# In Memory of Cannoli



## OldGreg (May 18, 2020)

October 20th 2019 - May 3rd 2022 

Every day with Cannoli was a blessing. Even a lifetime with her would not feel like enough. 

If love could have saved you, you would have lived forever 

The Last Battle 

If it should be that I grow frail and weak
And pain should keep me from my sleep,
Then will you do what must be done,
For this-the last battle-can't be won. 
You will be sad I understand, 
But don't let grief then stay your hand,
For on this day, more than the rest,
Your love and friendship must stand the test.

We have had so many happy years,
You wouldn't want me to suffer so.
When the time comes, please let me go.
Take me to where my needs they'll tend, 
Only, stay with me till the end
And hold me firm and speak to me 
Until my eyes no longer see. 

I know I time you will agree
It is a kindness you do to me.
Although my tail its last has waved, 
From pain and suffering I have been saved. 
Don't grieve that it must be you
Who has to decide this thing to do; 
We've been so close-we two-these years,
Don't let your heart hold any tears 

-Author Unknown
















Sent from my moto g power using Tapatalk


----------



## NadDog24 (May 14, 2020)

I’m so sorry for your loss.

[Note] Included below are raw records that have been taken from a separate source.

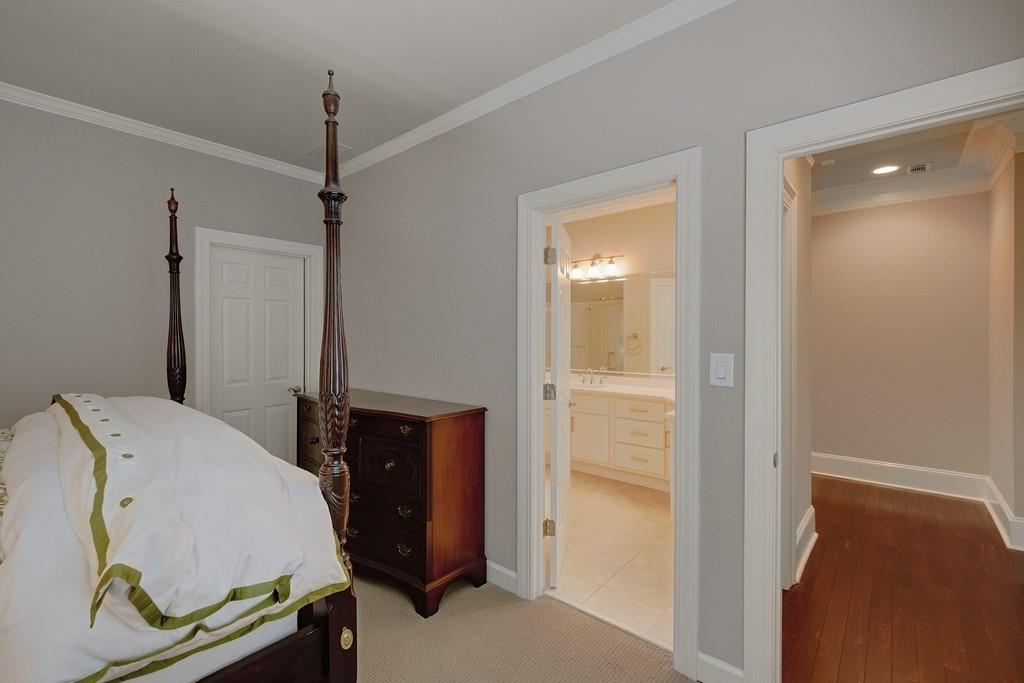 110 Windsor Cove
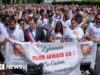 Cidade francesa enterra criança assassinada enquanto aumentam as questões sobre falhas policiais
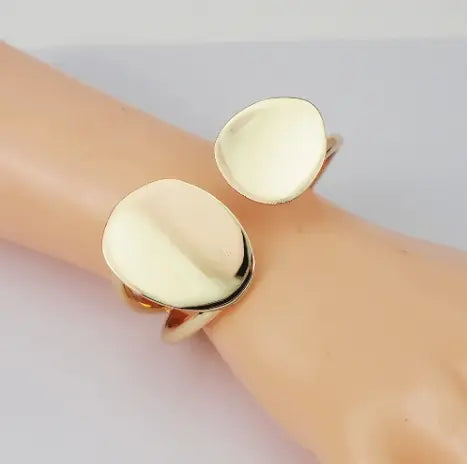 Sleek Round Slab Single Hinge Cuff Bracelet Try A Prompt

Cannoli was and always will be a fighter. Run free sweet girl!


----------



## Sabis mom (Mar 20, 2014)

I'm sorry. She was an amazing girl.
Peace to you


----------



## Bearshandler (Aug 29, 2019)

You gave her a great life while she was here. You made sure she enjoyed her time.


----------



## ksotto333 (Aug 3, 2011)

Oh, how difficult these days are. I am so sorry for the loss of your beautiful girl.


----------



## dogma13 (Mar 8, 2014)

I'm so sorry for your loss. R.I.P. beautiful Cannoli


----------



## Dustinb80 (10 mo ago)

Sorry for your loss.


----------



## car2ner (Apr 9, 2014)

and now comes the hard part. The 2nd guessing, the overwhelming memories of good times that won't be repeated. The feeling of being robbed. All normal. And then when it starts to pass the guilt of no longer feeling the pain. Also normal. And then peace, a different peace but peace. 
Enjoy your reward Canolli. Run with the Great Pack


----------



## CactusWren (Nov 4, 2018)

My condolences.


----------



## mewhoshops (Jul 25, 2021)

I’m so sorry for your loss. What a beautiful pup.


----------



## WNGD (Jan 15, 2005)

Canolli runs pain free today and waits for you. You did the right thing, RIP beautiful girl.


----------



## finn'smom (Oct 4, 2019)

So sorry for your loss.


----------



## Dunkirk (May 7, 2015)

I'm so very sorry, my deepest sympathies for your loss.


----------



## Rosebud99 (9 mo ago)

So sorry. She was a beautiful girl. 😢


----------



## Squidwardp (Oct 15, 2019)

Very sorry. A pretty girl with deep, soulful eyes. No matter how long the dog's life, it is always too short. But the living time makes memories.


----------



## peachygeorgia (Oct 5, 2021)

Deeply sorry for your loss, she seems like such an amazing girl


----------



## Ringhram (Sep 4, 2021)

WNGD said:


> Canolli runs pain free today and waits for you.


The above quote says it all. I am so sorry for your loss. Run free, sweet girl.


----------



## cagal (Sep 3, 2013)

I’m sorry for your loss. Run free pretty girl.


----------